The memory use scales linearly, so setting the limit at 1 million lines will
result in about 240MB of memory use. To change the file size cutoff edit the
``_max_len`` variable in ``bed_lookup/__init__.py``. Be aware that the file
size limit is actually measured in bytes, for speed purposes. A dictionary of
size to file length maps is provided in the ``__init__.py`` file, the default
should work fine on most systems.
Note that the sqlite backed is very slightly slower for lookups, however the
sqlite backend requires that a database exists already. If one does not exist
(the expected name is the bed file name followed by a ``.db``) already then one
is created, and this step can be very slow. Hypothetically this should only be
done once.
As noted above, when creating a BedFile object, a file length lookup is performed.
This lookup can be costly, particularly for gzipped files.
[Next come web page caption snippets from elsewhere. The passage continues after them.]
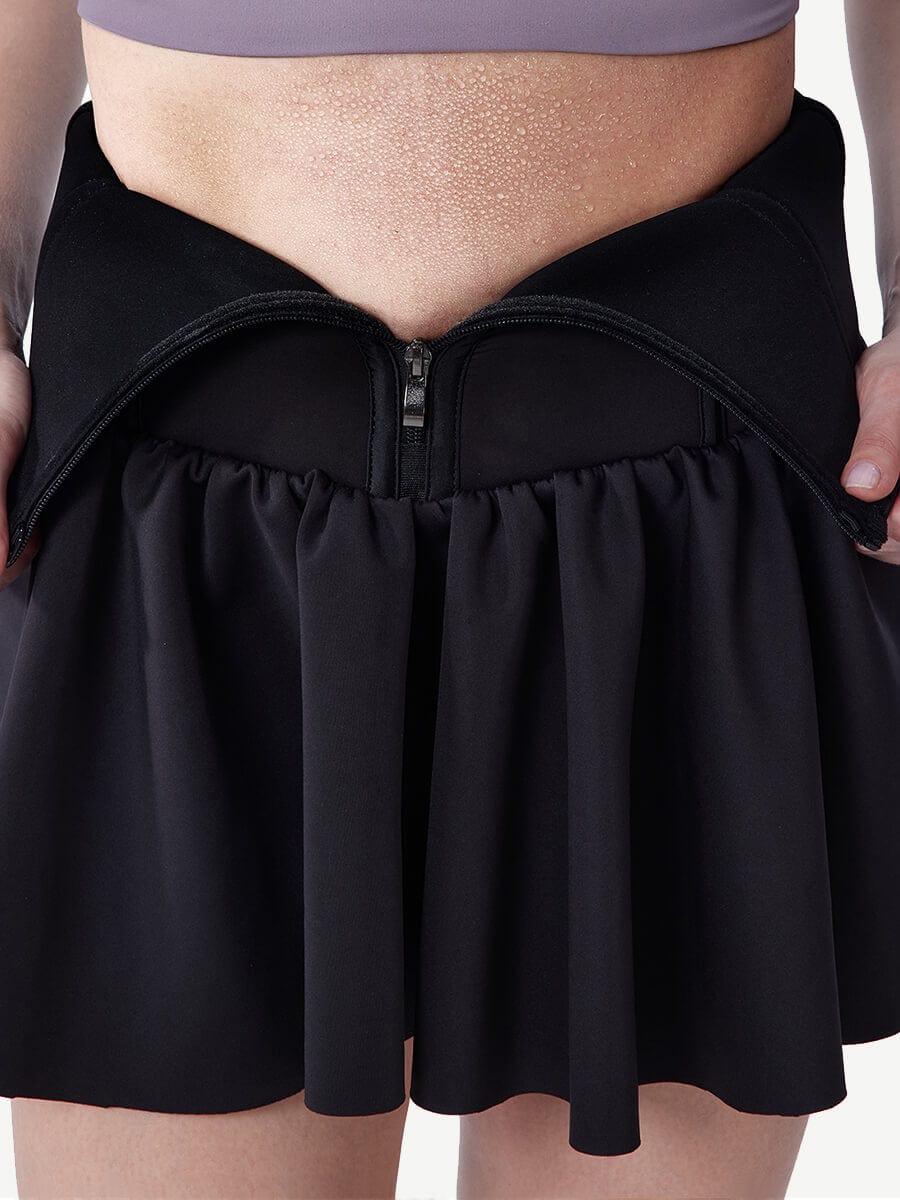 MT220055 — Neoprene Waist Trainer Skirt with 8 Steel Bones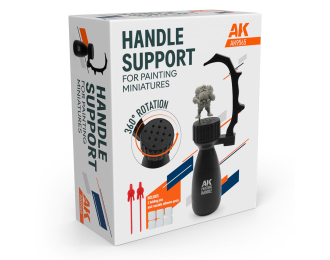 Ручной держатель для окрашивания миниатюр / Handle Support For Painting Miniatures – Soporte Con Mango Para Pintar Miniaturas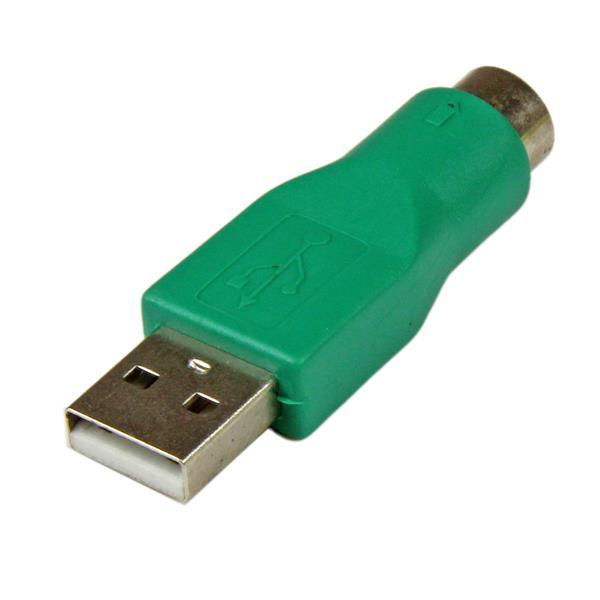 StarTech.com Adaptador USB A PS/2 M A H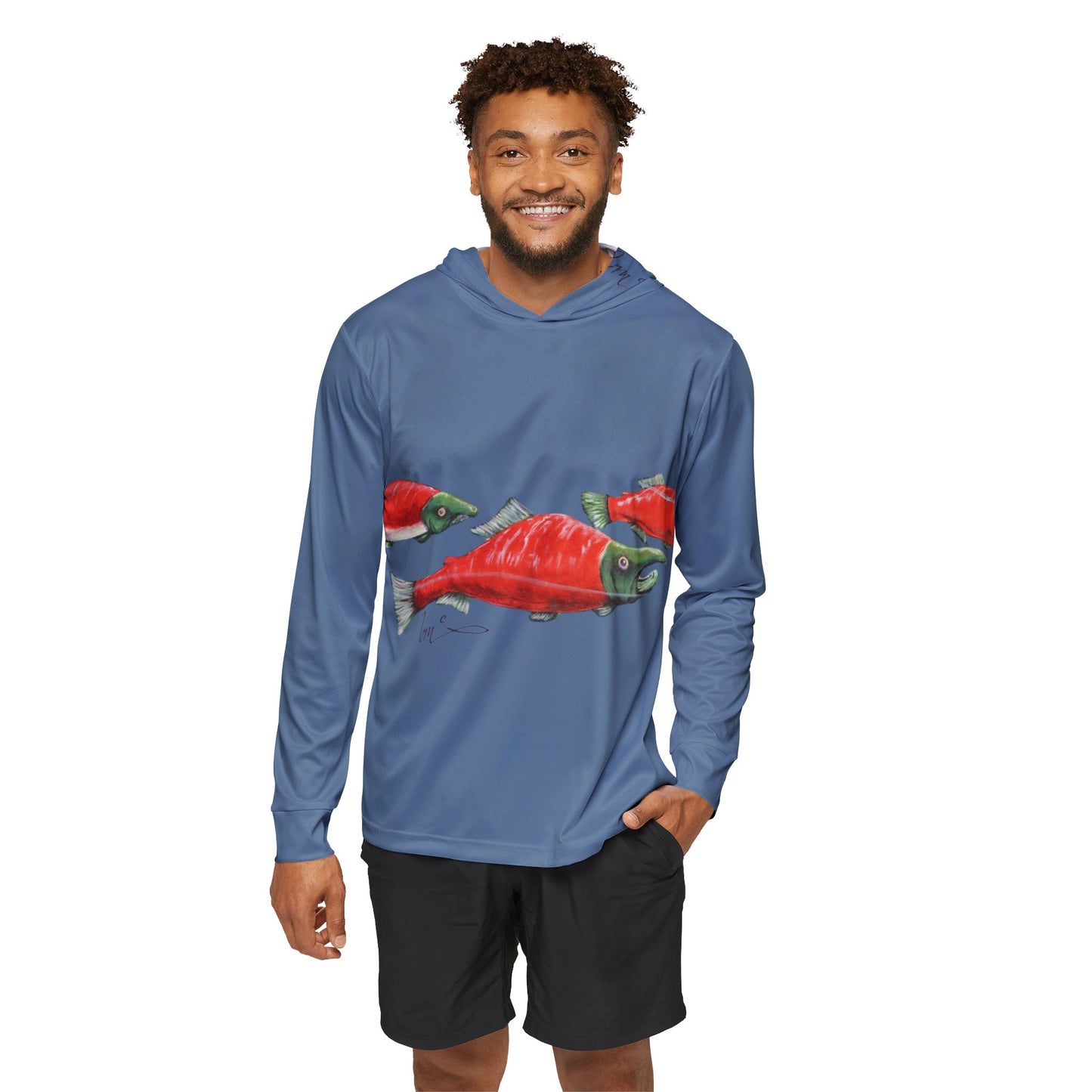 Salmon Run Hoodie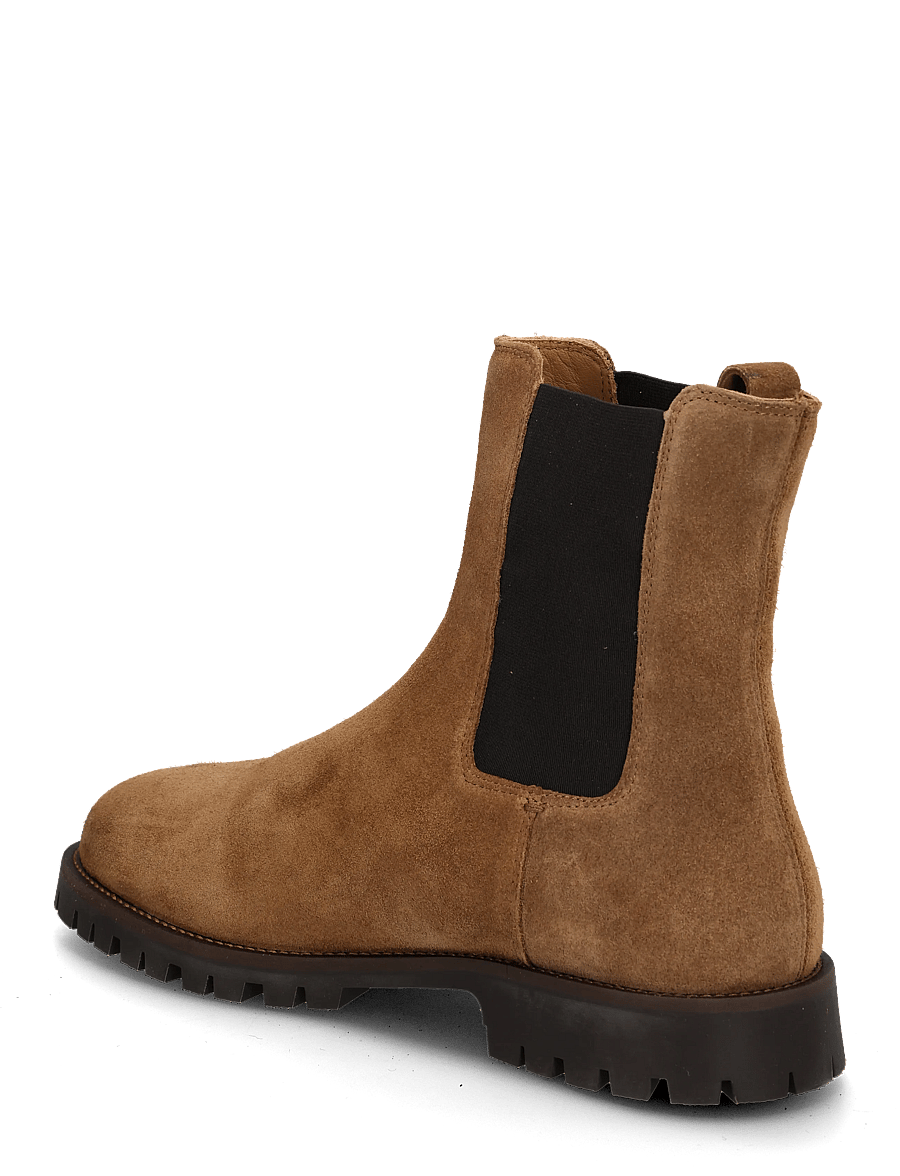 Copenhagen Studios - CPH850M vintage suede new brown - chelsea boots - new brown - 1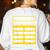 Spelling Bee Halloween Teachers Bee Spelling Competition Women's Sweatshirt Back Print White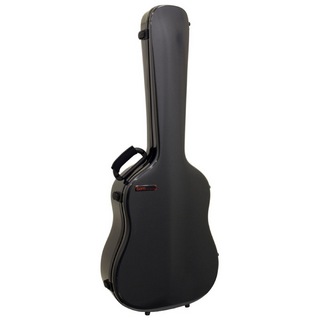 BAM8003XLC HIGHTECH Dreadnought Guitar Black Carbon look アコースティックギター用 ハードケース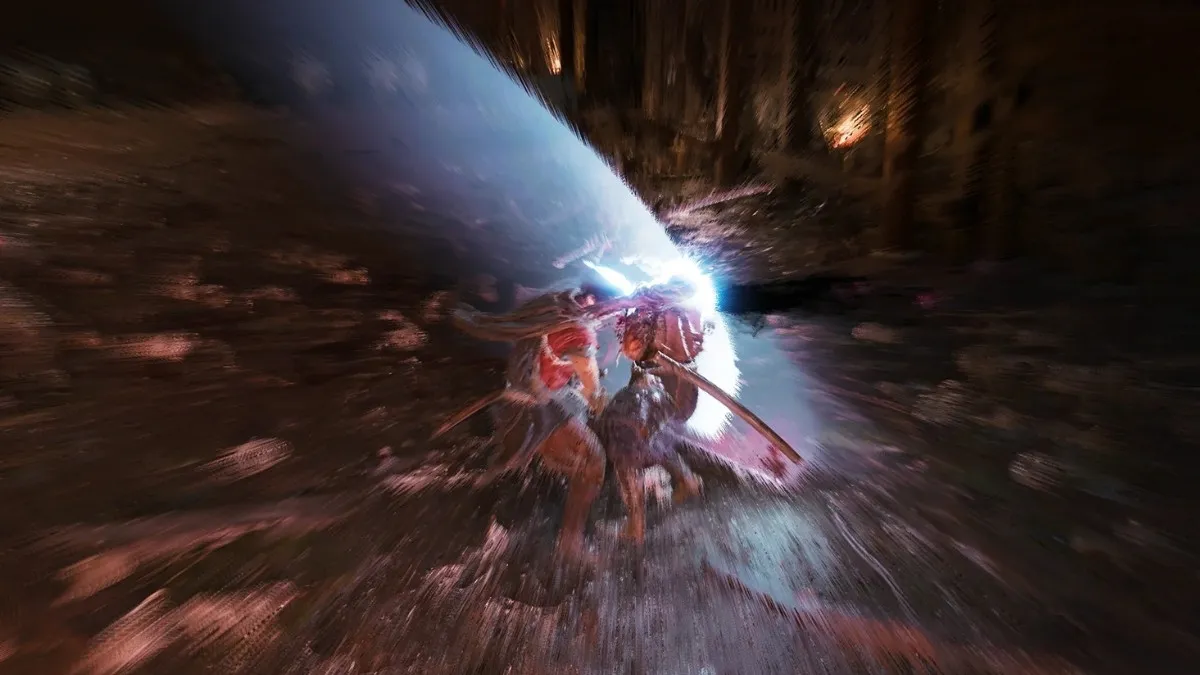 Master Issen in Onimusha: Way of the Sword – Timing Tips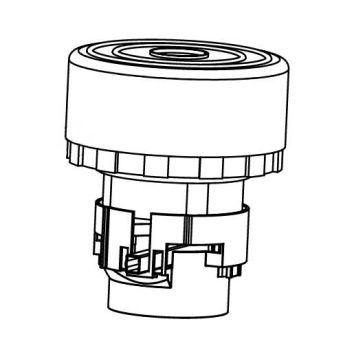 Вакуумный мотор (турбина) 220 V для Ghibli Round E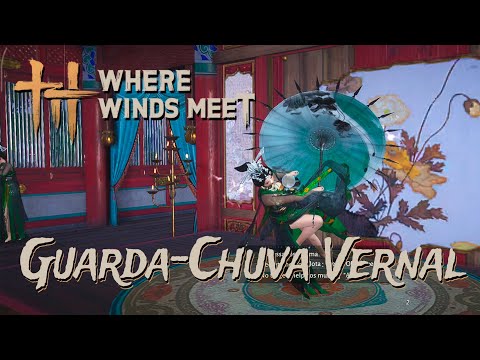 COMO COMPLETAR A MISSÃO GUARDA CHUVA VERNAL EM WHERE WINDS MEET | GUIA COMPLETO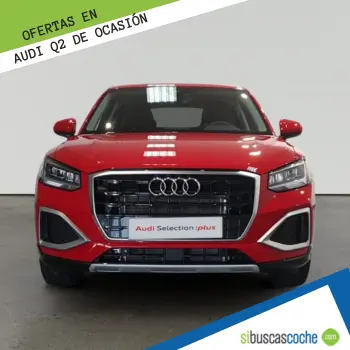 Coche Audi Q2 de ocasión en Sibuscascoche.com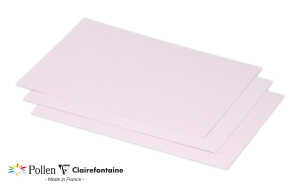Clairefontaine Karte C5 Pollen 210g flieder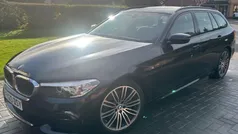 Black Used 2020 BMW 530 M Sport Estate | £23,999 (Super price)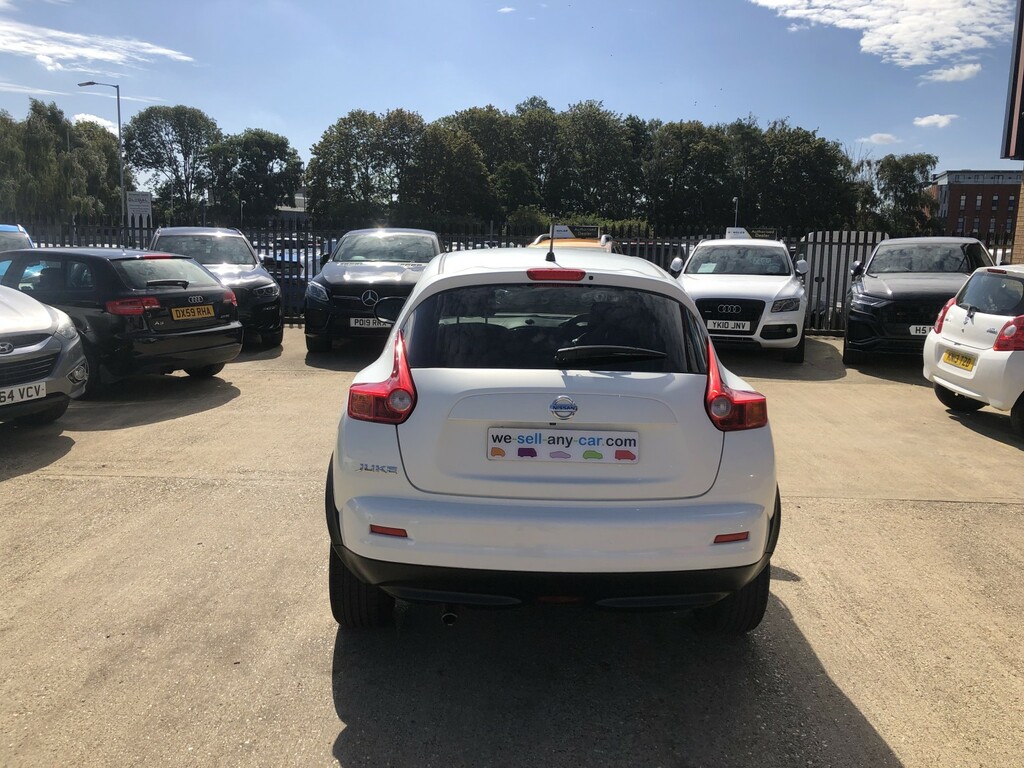 Nissan Juke Acenta Sport Dci Silver #9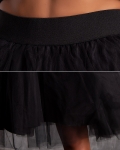 Premiere Tulle Skirt, Black Color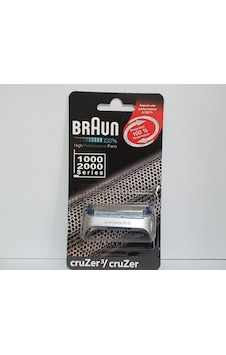 Braun 10B Cruzer Kafalı (Mavi) Braun 10B Cruzer Kafalı (Mavi)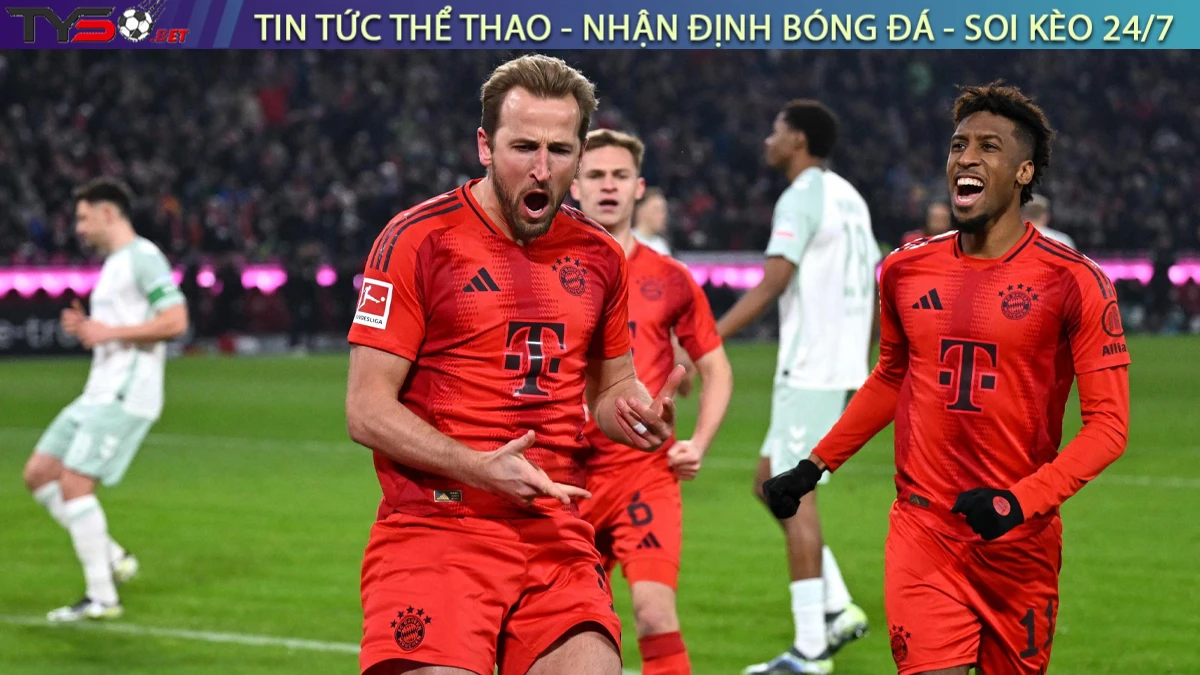 Nhận định Bayern Munich vs Werder Bremen, 01h30 ngày 27/09/2025 – Vòng 5 Bundesliga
To skip this step,
simply pass the database file to BedFile(), instead of the bedfile itself.
Note: this code will work with either plain text or gzipped files, gzipped files
will be slightly slower at load due to the overhead of decompression. For large
files where an sqlite database already exists, there will be only a very slight
delay relative to the uncompressed bed file (due to file length counting).
As the BedFile object is only generated once, any lookups after the creation of
this object will be very fast (less than a second) for *any* length of bed file.
Smaller files will obvious result in even quicker lookups.